Not to this extreme, as far as I can tell, though I wasn't in the industry during the period that got standardized. You can actually go and try out some of the proposals; one, for example, was called Nokia MVC (not to be confused with the much later H.264 MVC); see http://wiki.multimedia.cx/index.php?title=Nokia_MVC for more information. While it certainly was a kitchen-sink of "interesting" features (affine motion compensation, KLT, etc), it was not so slow as to be impossible to use.
But I can't say for sure that there weren't some totally insane encoders put forward by those involved.
What I suspect is going on is a case of exponents. That is, you have an algorithm that tries every possible A, an algorithm that tries every possible B, and an algorithm that tries every possible C. You optimize them independently, and then in the final encoder you submit, you run them all at the same time, optimizing every possible A, for every possible B, for every possible C, sending runtime sky-high.
I'd read the code, but it's nearly-undocumented C++, written by the kind of people who reimplemented their own option parser using C strings (in C++) in Visual Studio.
I had the impression that decoding is the time critical operation. Encoding is done once and decoding many time.
Sure, it is better with fast encoding, but we won't get better compression for free.
The author didn't consider the use of GPU to perform the encoding. Kind of fishy. For my application (not video encoding) I managed to reduce the computation time from 5h to 15s (600x faster!) by using a GTX280 GPU card.
If you get a 600x speed increase, you did something wrong in your CPU application; there simply isn't 600x as much processing power on a GPU. Typical increases are about 5-10x, a bit more in applications with heavy floating-point math.
More importantly, regardless of how important you think encoding is, if I can't encode a 5 second test sequence in less than a day, I'm not going to be able to do much experimentation with the software. Sure, you can port it to a GPU, but right now it isn't on a GPU, and right now, I'd like to experiment with it.
I am unfamiliar with the memory patterns in the application, but: 600x improvement in performance does not have to come from increase in processing power.
If the algorithms have a lot of data reuse in their matrix computations, I can see achieving 600x improvement when compared to a hardware cache based architecture. If the CPU implementation doesn't do tiling (http://en.wikipedia.org/wiki/Loop_tiling) effectively (or it can't) then it's going to shuttle a lot of data back and forth from cache to RAM.
The accepted term for this effect is super-linear speedup.
It depends on what you are doing. Generally you're right, however we're currently doing work with a group that does live PPV events, streamed over HLS in h.264 in the live case encoding is very time sensitive.
(this is a bit of a red herring - the times related in the story are pretty much useless)
Quote from x264's assembly guru: <holger_> whatever this guy did, 600x faster suggests a suboptimal cpu implementation and/or a very memory intensive workload.
The GPU, looking at each individual core, is actually a very weak general purpose processor. GPGPU is good for because there are a lot of cores, so you can run highly parallelizable tasks easily in it.

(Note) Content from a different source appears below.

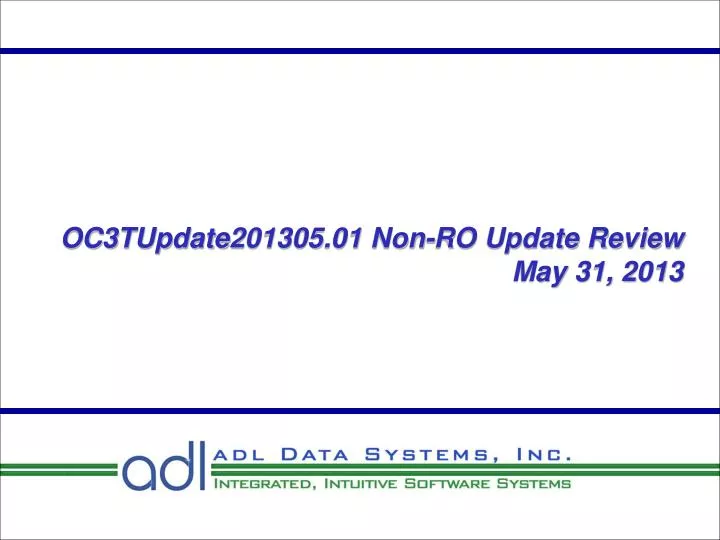 oc3tupdate201305 01 non ro update review may 31 2013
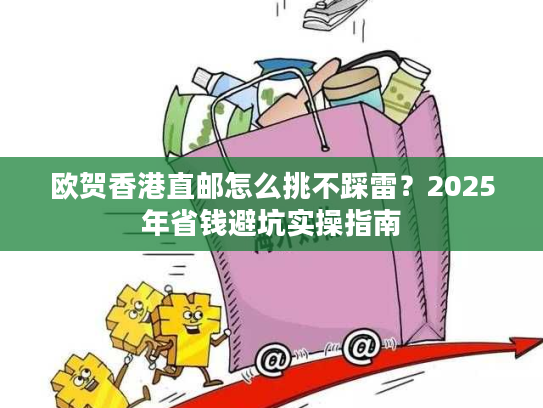 欧贺香港直邮怎么挑不踩雷？2025年省钱避坑实操指南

Video encoding is not one of these tasks since each block depends on the previous block, each frame depends on the previous, and even on the next frame.
There have been uncountable proposals to port or accelerate a part of x264 on GPGPU. Nobody has succeeded in two years, not even for the motion search, which is supposedly the component that would be the easiest to port and benefit the most from GPGPU.
You point it. The algorithm I implemented is memory intensive and I used the texture map storage. It is the backprojection of tomographic reconstruction. Computation is very light.
I expect that video encoding has the same pattern. One of the critical aspect to benefit from GPU parallelism is the amount of state information each thread has to maintain. It has to be kept to a minimum because this space is limited. If they need more space the number of active threads is reduced to match the requirement.
You are right. Also computer power tends to increase pretty fast and get cheaper all the time. Also the software at this stage is likely not optimised for encoding speed. Also, that software was likely to have a lot of debugging flags, etc.
> Also computer power tends to increase pretty fast and get cheaper all the time.
The spec is being written now. The encoder needs to be tested and evaluated now. There's no point in doing it now if we'll have to wait 10 years until CPUs can be used for testing whatever you make.
> Also, that software was likely to have a lot of debugging flags, etc.
It was released in source form, so those are easily disabled / removed.
> so I decided to try out the proposal that appeared the most interesting: the Samsung+BBC proposal (A124), which claims compression improvements of around 40%.
At first I read this and couldn't believe it. A 40% improvement! Wow!
But reading the rest of the article, it's disappointing to see that it's not a practical %40...
Makes me wonder if GPUs could be used to do the encode and speed it up enough to make it practical (maybe within a few generations of GPUs..). After all, you have to aim for where computers will be by the time this becomes a standard, not where they are now.
It is a form of content protection: accessibility to hw to deal with it will be much further down the road for consumers than monopolies. Old format will be "good enough" for home video until the inevitable comes.
Would GOOG fast-track vp8 as an ISO standard, like MS did with OOXML? After all, it is ubiquitous in flash video, just as Word is -- a de facto standard needing rubber stamping.
I've also wondered if the needed hardware for H.264 was a form of dongle (http://en.wikipedia.org/wiki/Dongle#Copy_protection for youngsters who don't remember this early form of DRM) but have concluded it's just because they come from the hollywood and hardware world rather than being internet and software guys.
Also note that Microsoft only got to fast-track OOXML as an ISO standard because it had already been passed as a standard by ECMA, not because of anything inherent in OOXML (which wasn't even a de facto standard, the binary .doc was).
VP8 is NOT ubiquitous in flash video, nor it could ever be. It was never released. Only VP6 is supported, but how many relevant people do you still see using VP6?